===== Input for this task =====

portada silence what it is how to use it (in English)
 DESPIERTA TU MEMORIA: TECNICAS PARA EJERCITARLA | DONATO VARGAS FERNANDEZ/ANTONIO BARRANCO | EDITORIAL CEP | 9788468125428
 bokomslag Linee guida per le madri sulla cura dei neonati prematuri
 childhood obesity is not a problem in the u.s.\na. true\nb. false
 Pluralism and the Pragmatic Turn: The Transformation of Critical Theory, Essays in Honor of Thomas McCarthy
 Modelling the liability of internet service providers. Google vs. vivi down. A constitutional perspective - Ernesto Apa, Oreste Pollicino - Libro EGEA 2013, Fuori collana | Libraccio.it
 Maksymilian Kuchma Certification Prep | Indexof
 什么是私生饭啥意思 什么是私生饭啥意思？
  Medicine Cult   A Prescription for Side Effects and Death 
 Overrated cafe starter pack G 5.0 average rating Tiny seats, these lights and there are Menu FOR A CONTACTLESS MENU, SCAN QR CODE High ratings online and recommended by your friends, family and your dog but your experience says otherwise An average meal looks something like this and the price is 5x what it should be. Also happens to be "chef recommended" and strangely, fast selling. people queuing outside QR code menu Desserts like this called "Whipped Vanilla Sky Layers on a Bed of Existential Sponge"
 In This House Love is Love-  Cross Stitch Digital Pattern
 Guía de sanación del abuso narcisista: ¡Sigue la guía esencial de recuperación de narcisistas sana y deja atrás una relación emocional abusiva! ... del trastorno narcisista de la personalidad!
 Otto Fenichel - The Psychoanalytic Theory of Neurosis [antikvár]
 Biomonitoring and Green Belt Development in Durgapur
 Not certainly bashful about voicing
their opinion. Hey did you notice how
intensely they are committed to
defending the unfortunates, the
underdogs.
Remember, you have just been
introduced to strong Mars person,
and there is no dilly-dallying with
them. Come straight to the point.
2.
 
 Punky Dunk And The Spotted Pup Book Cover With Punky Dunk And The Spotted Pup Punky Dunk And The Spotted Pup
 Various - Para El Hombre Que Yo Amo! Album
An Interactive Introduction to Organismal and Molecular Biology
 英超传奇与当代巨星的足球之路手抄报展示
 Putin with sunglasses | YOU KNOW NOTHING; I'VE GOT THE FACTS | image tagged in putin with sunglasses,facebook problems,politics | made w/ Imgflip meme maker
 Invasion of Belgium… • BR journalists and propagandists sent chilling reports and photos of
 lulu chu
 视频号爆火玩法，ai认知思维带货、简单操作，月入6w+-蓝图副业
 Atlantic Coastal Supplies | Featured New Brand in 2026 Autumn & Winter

=====

Directions: If a line in the entries contains "Theory", copy it.

Reply:
 Pluralism and the Pragmatic Turn: The Transformation of Critical Theory, Essays in Honor of Thomas McCarthy
 Otto Fenichel - The Psychoanalytic Theory of Neurosis [antikvár]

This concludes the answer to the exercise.